● **WHAT TO DO**: Below, some lines carry pictures; leave those pictures out and retype exactly the lines from the one with "Grasshopper Namibia" through the one with "14612 County Road".
(DATA SUPPLIED begins)
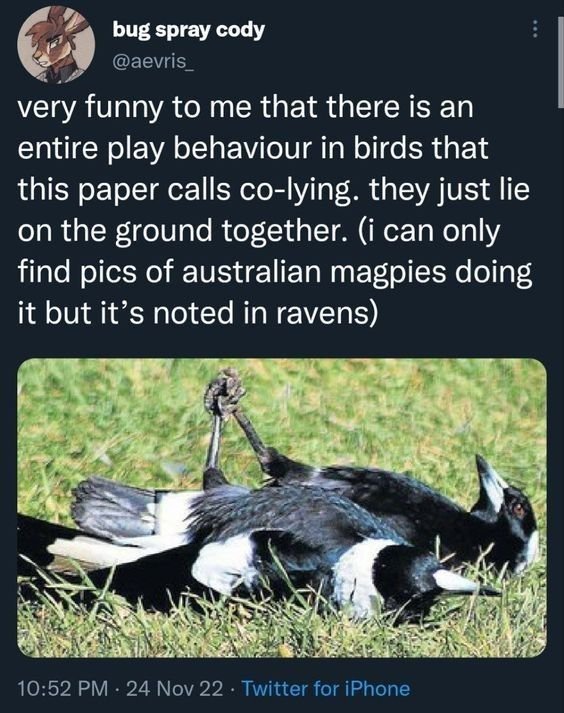 The_Regal_Raven's tweet photo. https://t.co/TViqT7eduV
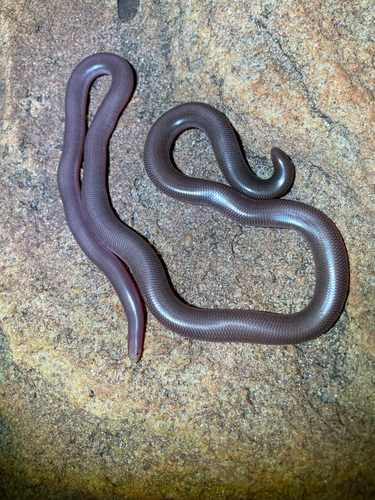 Sandamara Blind Snake
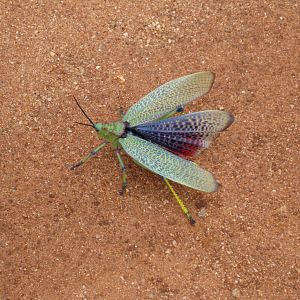 Grasshopper Namibia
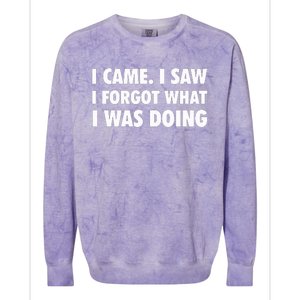 I Came I Saw I Forgot What I Was Doing Sarcastic Colorblast Crewneck Sweatshirt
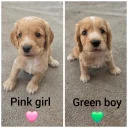 Cocker Spaniel (Working)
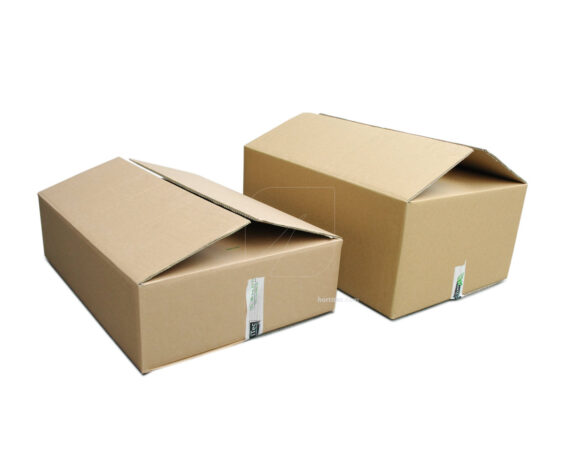 Caja carton 1 saco (690x500x300) (10 u) - Image 2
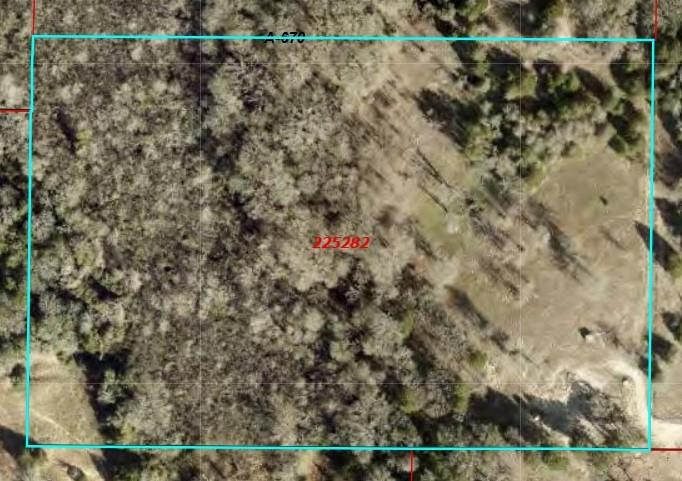 14612 County Road 1114 Athens, TX 75751 - Photo 36 of 40 a view of a yard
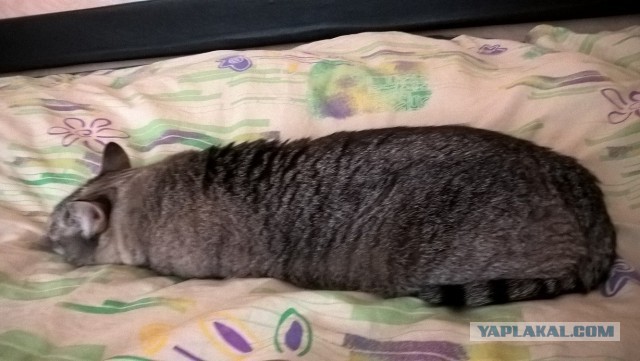 Тема про несчастного кота, в которой всем хорошим людям автор показывает сиськи!2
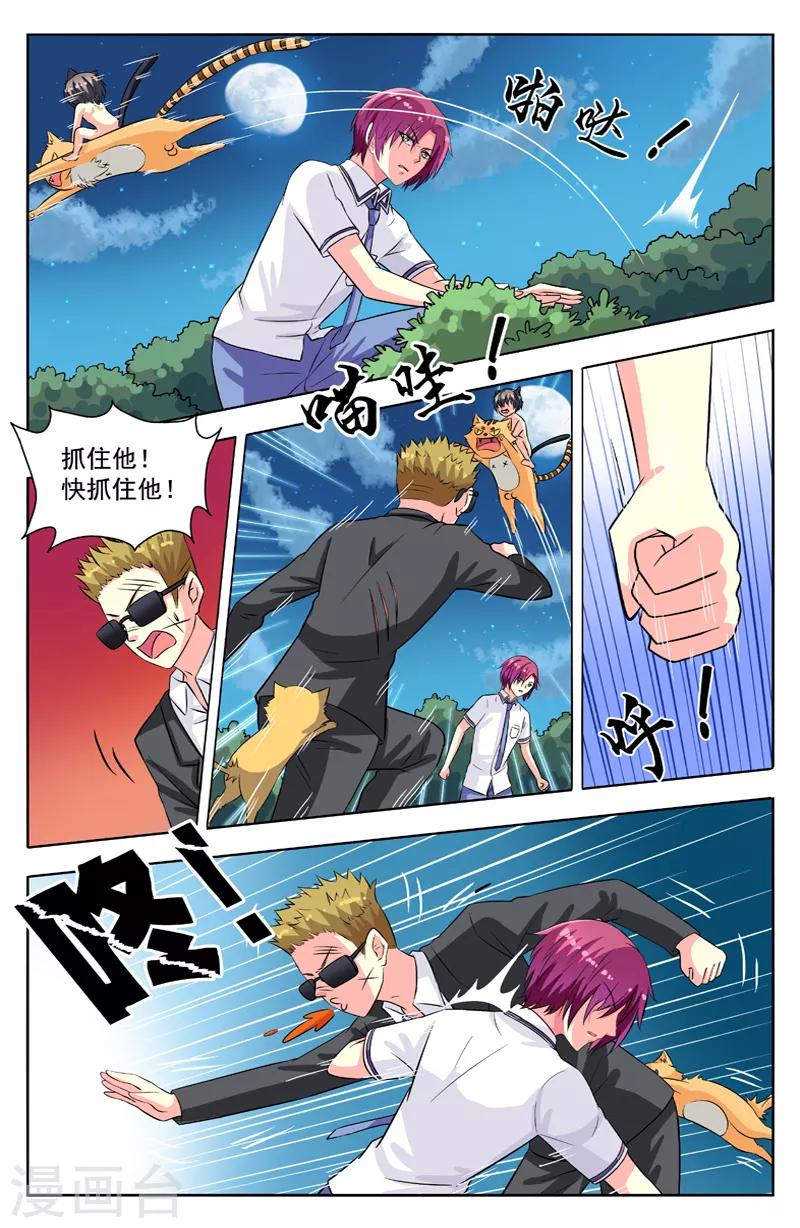 第54话 群猫-第54话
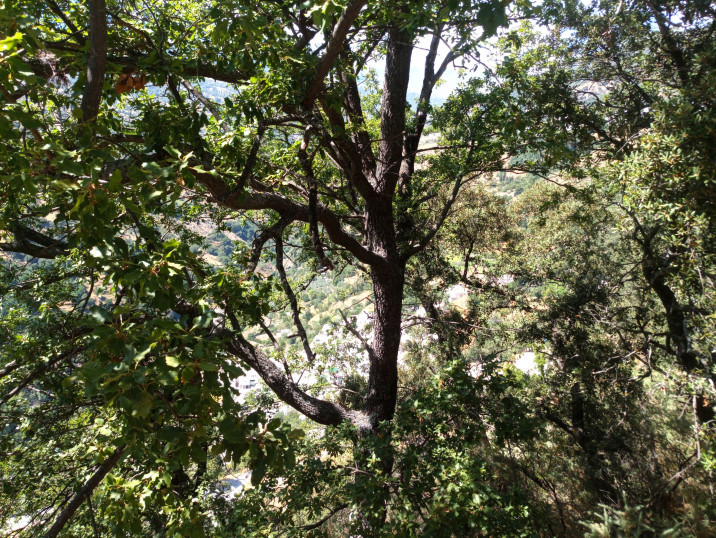 Quercus faginea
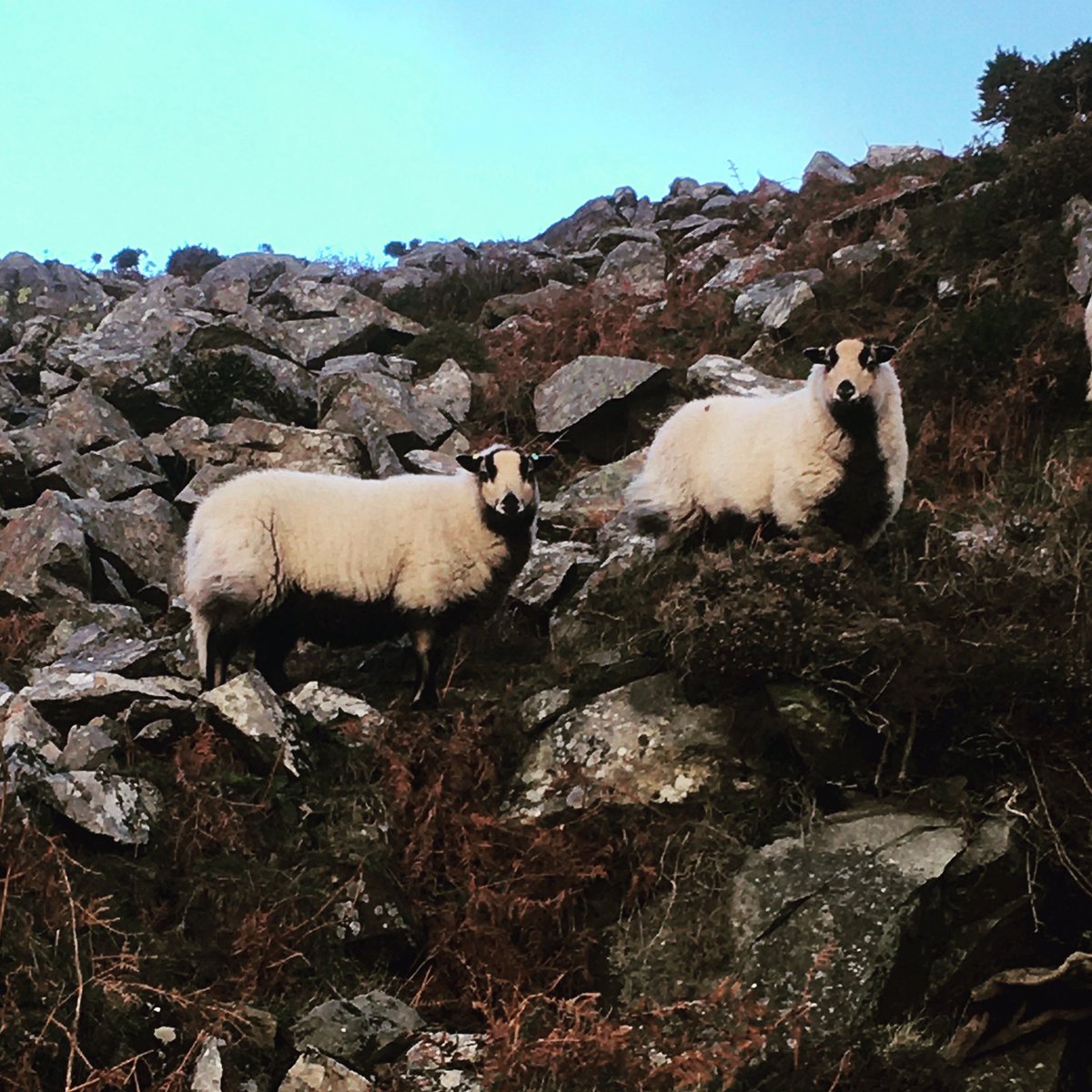 VSSufficiency's tweet photo. Posing for the camera #badgerface #badgerfacesheep #torddu https://t.co/9g2ahhfZ5Q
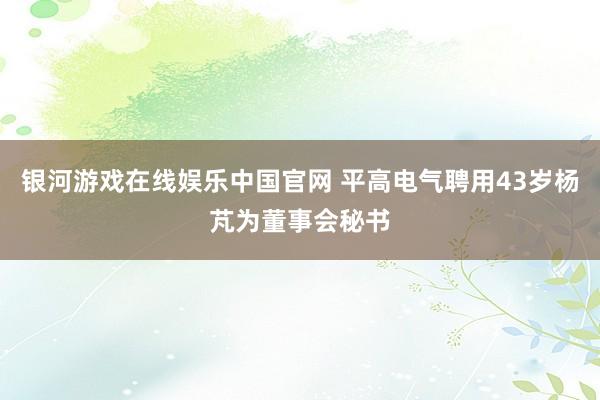 银河游戏在线娱乐中国官网 平高电气聘用43岁杨芃为董事会秘书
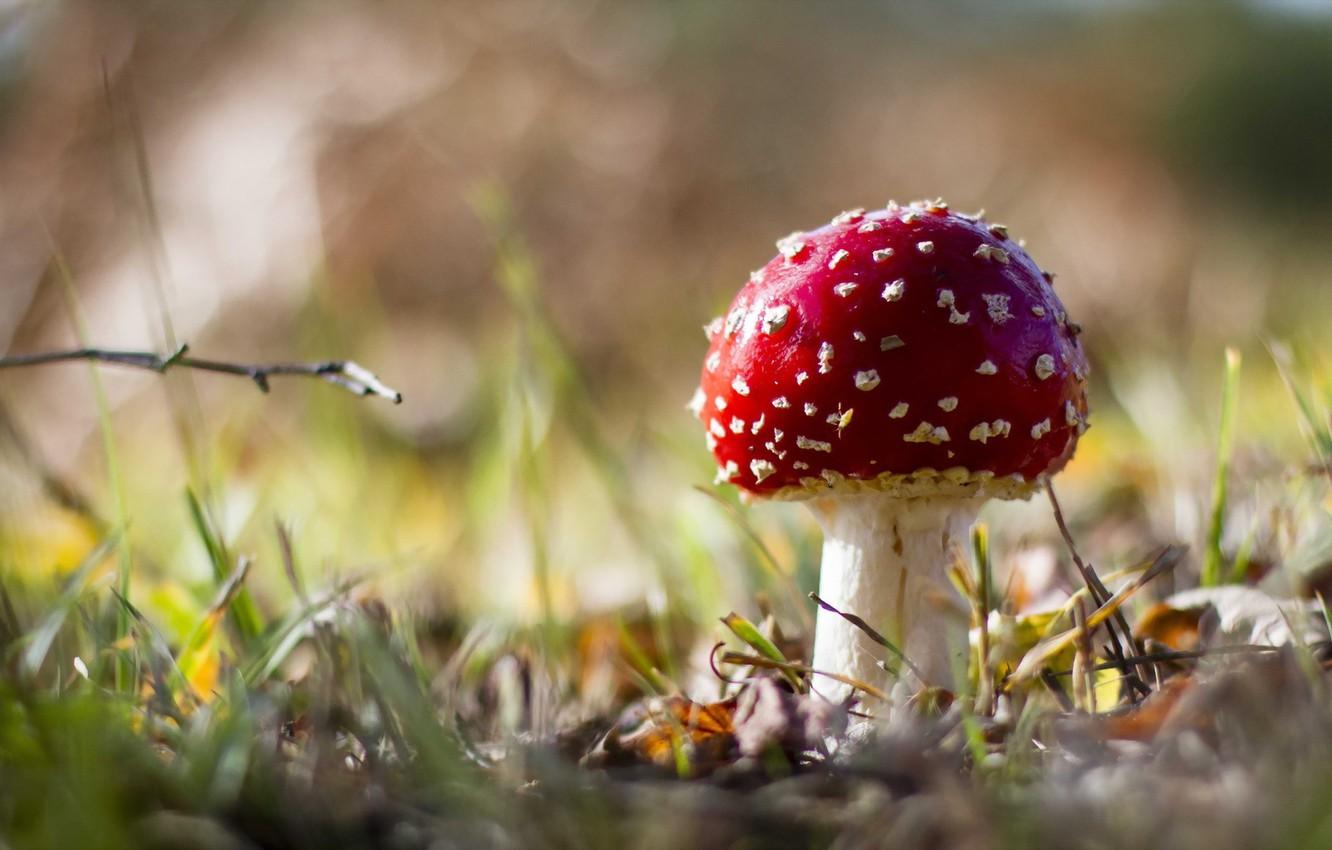1332x850 Wallpaper autumn, forest, nature, mushroom image for desktop, section природа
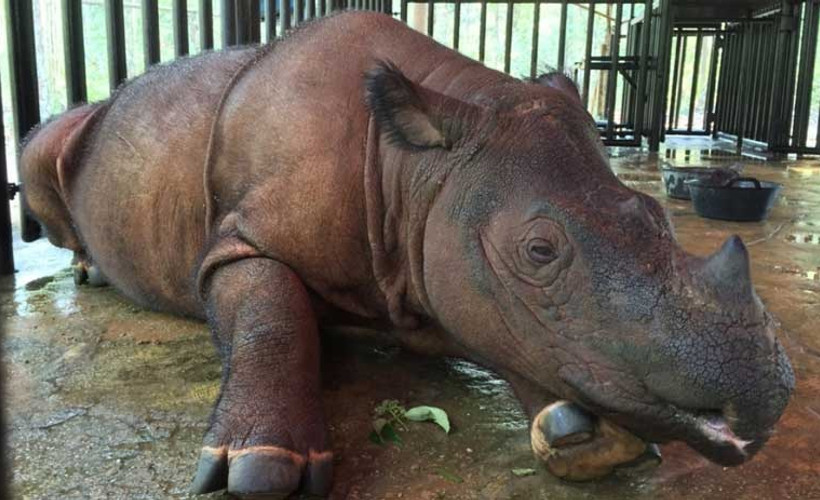 Son erkek Sumatra gergedanı hayatını kaybetti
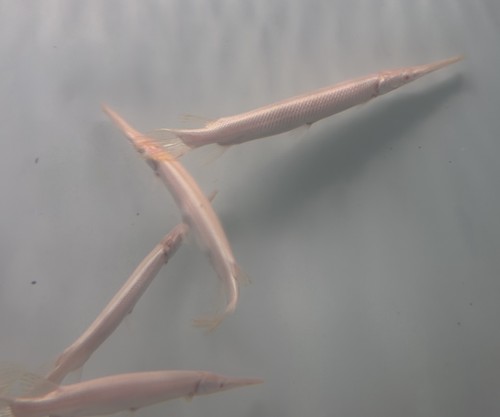Live tropical fish - live, fish-albino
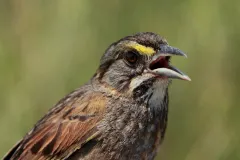 A close-up look of the seaside sparrow.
(DATA SUPPLIED ends)
● **REPLY TO THE TASK**:
 Grasshopper Namibia
 I Came I Saw I Forgot What I Was Doing Sarcastic Colorblast Crewneck Sweatshirt
 Cocker Spaniel (Working)
 Caja carton 1 saco (690x500x300) (10 u) - Image 2
 14612 County Road 1114 Athens, TX 75751 - Photo 36 of 40 a view of a yard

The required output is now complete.